Before I could finish she was discussing particular passages of Wittgenstein's Philosophical Investigations, followed by her consideration of the history of observations on horse-training from Xenophon on through some Renaissance humanists. This was followed by all sorts of other historical accounts of such matters as the relation between humane societies and Tory politics in England, the cultural construction of breeds, together with such exemplary stories as that of the demonization of the Dobermann in the later 1930's as a Nazi dog, and a host of other tales, issues, problems, questions, and enigmas.

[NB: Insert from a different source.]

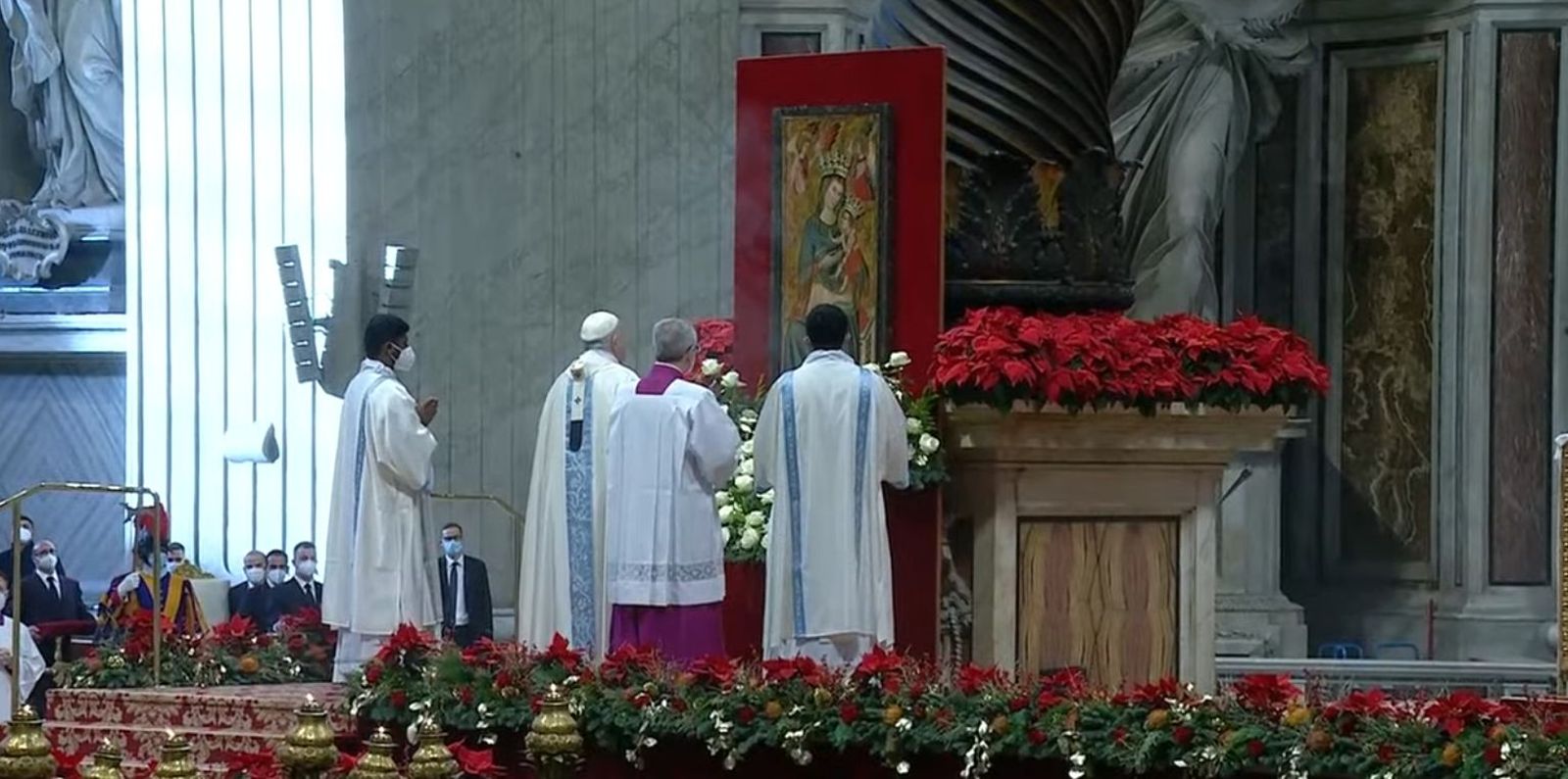 El Papa inciensa a María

It was a good many months after this meeting and some subsequent correspondence that she sent me a few poems to read, being too intelligent and mannerly to have thrust them upon me at the time. I found them most authoritative in their strongly controlled diction and their lyrical adaptation of the rhythms of thought. Unusually impressive, too, was the way they framed those profound connections between form and fable that all true poetry must exhibit.

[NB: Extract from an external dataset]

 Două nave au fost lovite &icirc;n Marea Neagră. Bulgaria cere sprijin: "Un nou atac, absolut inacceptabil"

Over the next few years, her work began to show how much she had learned from that wonderful poet, critic, and teacher Donald Davie at Stanford. But it also continued to speak of the passionate knowledge and wonder of The Compleat Trainer (as I have thought of her), to whom I had listened with such fascination, and whose expertise in the training of animals and philosophical concerns for the epistemologies and moral overtones born of its theory and practice, would thereafter continue to inform—rather than crudely shape—her work. She was a distinguished member of a poetic generation in North America that included Debora Greger, Anne Carson, J. D. McClatchy, Louise Gluck, John Koethe, Rachel Hadas, Alfred Corn, Marilyn Hacker, and A. F. Moritz (to name some of those who, for me, speak both to the intellect and the sensibility of their readership); it was also, in my experience, the first such poetic generation (all born within three or four years of Hearne) that numbered as many equally strong, thoughtful female poets as male (as has indeed remained the case since).

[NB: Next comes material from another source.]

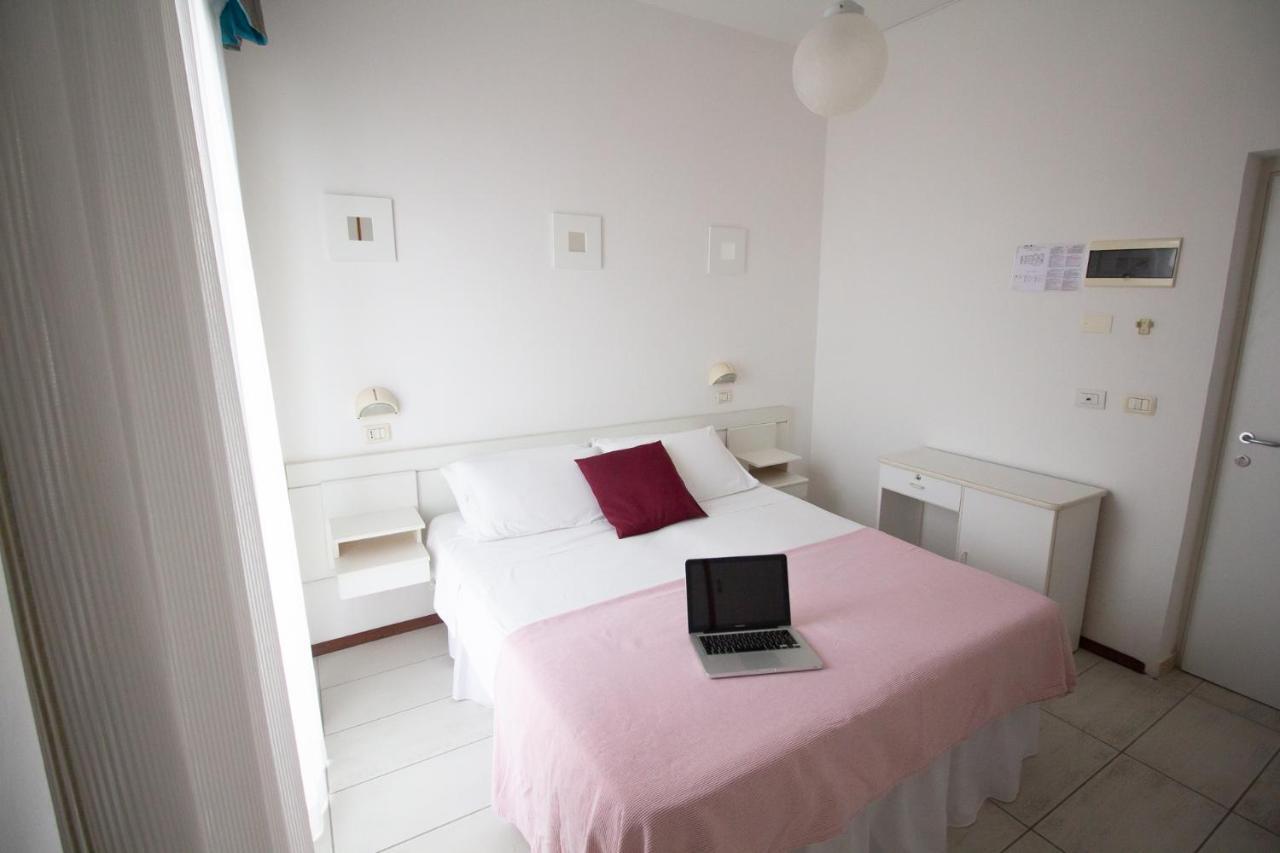Hotel Morri Белариа-Игеа Марина Екстериор снимка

During the final months of her life, Vicki Hearne, in conjunction with the University of Chicago Press, was working on a volume of new and selected poetry, including the long, still unpublished poem "Tricks of the Light." The book you now have in hand, then, contains the author's own selections from her three published books, in addition to a considerable number of poems unpublished in any form at the time of her passing. In the weeks before her death, she sent the final manuscript of the book to the editor who secured periodical publication of most of the unpublished poems. The editor subsequently consulted with professors Susan Stewart and Colin (Joan) Dayan, collating it with earlier drafts of the selection. The present text departs from the author's manuscript only in placing the long poem at the end of the section of previously unpublished ones, and in some typographical corrections of erratic punctuation, spacing, capitalization, etc. In some instances, changes are recorded in the endnotes in this volume. To the rare occasional glossorial footnotes that Hearne provided, I have added a few notes of my own.